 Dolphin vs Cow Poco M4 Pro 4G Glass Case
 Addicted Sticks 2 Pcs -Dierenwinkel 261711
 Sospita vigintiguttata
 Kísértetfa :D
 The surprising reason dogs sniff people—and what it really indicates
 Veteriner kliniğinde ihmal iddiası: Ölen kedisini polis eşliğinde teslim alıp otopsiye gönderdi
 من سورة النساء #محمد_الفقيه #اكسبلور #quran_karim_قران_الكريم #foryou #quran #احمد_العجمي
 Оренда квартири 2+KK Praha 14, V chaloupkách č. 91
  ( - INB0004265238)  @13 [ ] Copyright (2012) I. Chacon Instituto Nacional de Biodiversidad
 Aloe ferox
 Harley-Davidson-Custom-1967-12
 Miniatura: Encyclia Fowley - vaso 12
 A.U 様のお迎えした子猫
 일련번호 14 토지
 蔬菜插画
* * *
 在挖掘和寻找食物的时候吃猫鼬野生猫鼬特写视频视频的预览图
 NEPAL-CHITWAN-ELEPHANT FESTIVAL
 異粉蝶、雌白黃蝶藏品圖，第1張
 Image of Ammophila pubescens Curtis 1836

**ASSIGNMENT**.
Both the line containing "異粉蝶、雌白黃蝶藏品圖，第1張" and the line containing "Image of Ammophila pubescens Curtis 1836" belong in the answer. Print them and every line above that falls between them exactly, and no others.

**RESPONSE FOR THIS EXERCISE**.
 異粉蝶、雌白黃蝶藏品圖，第1張
 Image of Ammophila pubescens Curtis 1836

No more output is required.